I must admit,,,, this is the best mesh/paper thread *ever*.


----------



## P.A. ROCKER

Mudstar said:


> Its unreal how humans manipulate life with all this regulation that keeps piling up, gun control that was suppose to prevents unneeded death and protect gone completely upside down.
> 
> Heath care allowing doctors to administer mind altering drugs that has caused some of this mass shooting here in North America not only mind altering but heath controlling deaths and wipe there hands clean of responsibility.
> 
> On a world wide scale with war against others because we want something they have or don't like how they conduct they business affairs.
> 
> The wildlife ya'll speaking about now.
> 
> Seems to me we are acting like god (((?))) who the hell introduced that dam book they call the bible anyways. Maybe there happens to be the problem...... JS



Mudstar,,, That has to be the finest post I've read of yours. 
Much obliged.


----------



## bellas taper

no one to blame, except the people that made those choices. This is far from the sheetrock conversation!


----------



## P.E.I.Taper

Sometimes it sucks when threads get off topic, I find this one more beneficial to our moral!

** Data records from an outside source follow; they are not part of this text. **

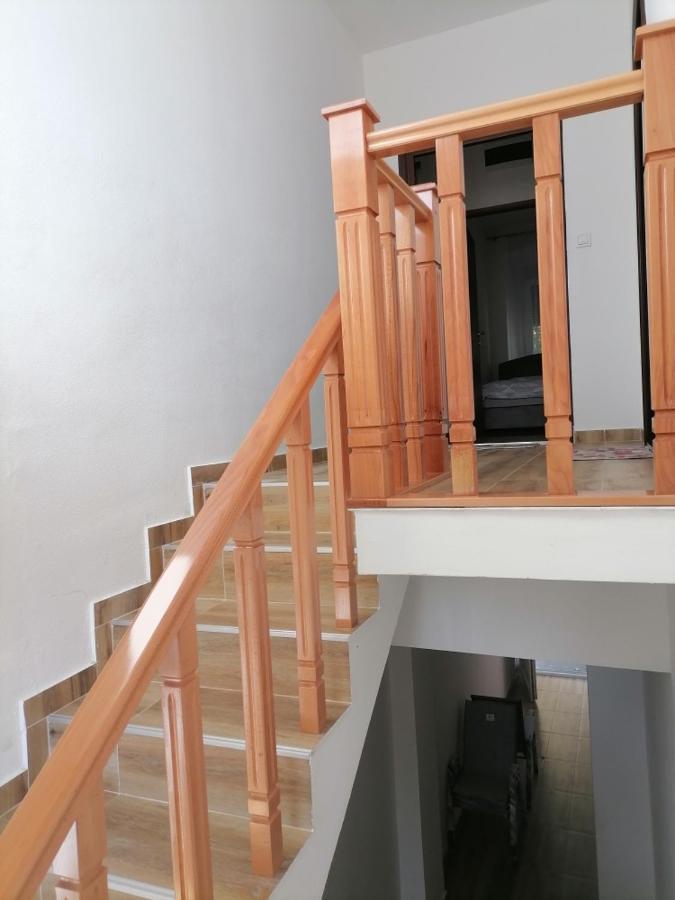 Apartmani 15 Цетине Экстерьер фото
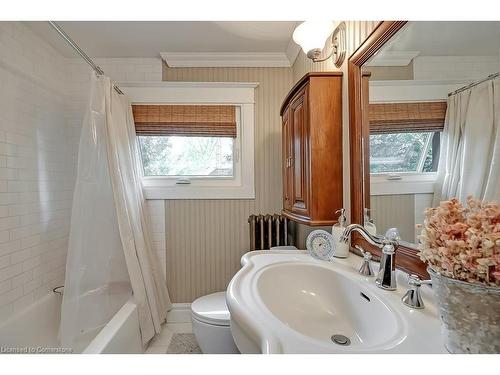 389 Torrance Street, Burlington, ON - Indoor Photo Showing Bathroom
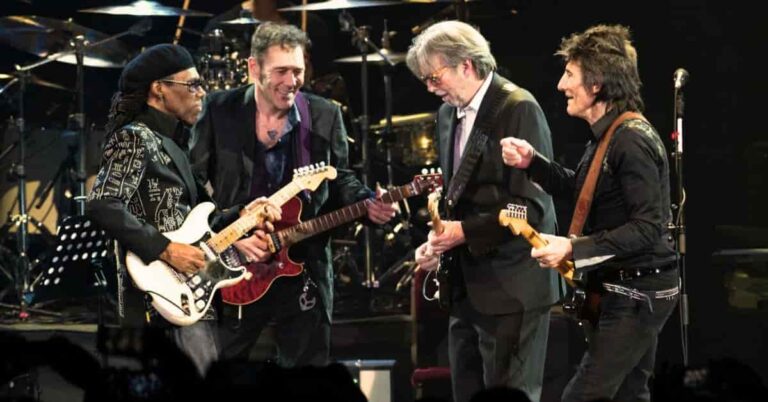 Eric Clapton and Ronnie Wood – Badge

Rather than taking the long way to find out paper is stronger. ...again. 

Can we get this back onto the tits again?


----------



## endo_alley

bellas taper said:


> no one to blame, except the people that made those choices. This is far from the sheetrock conversation!


We're mad as hell. And we're not going to take it anymore.


----------



## Kiwiman

And the winner is.....
*FIBAFUSE!!!* :thumbup:
Nah just kidding, it's obviously tits :thumbsup:


----------



## cazna

P.E.I.Taper said:


> Can we get this back onto the tits again?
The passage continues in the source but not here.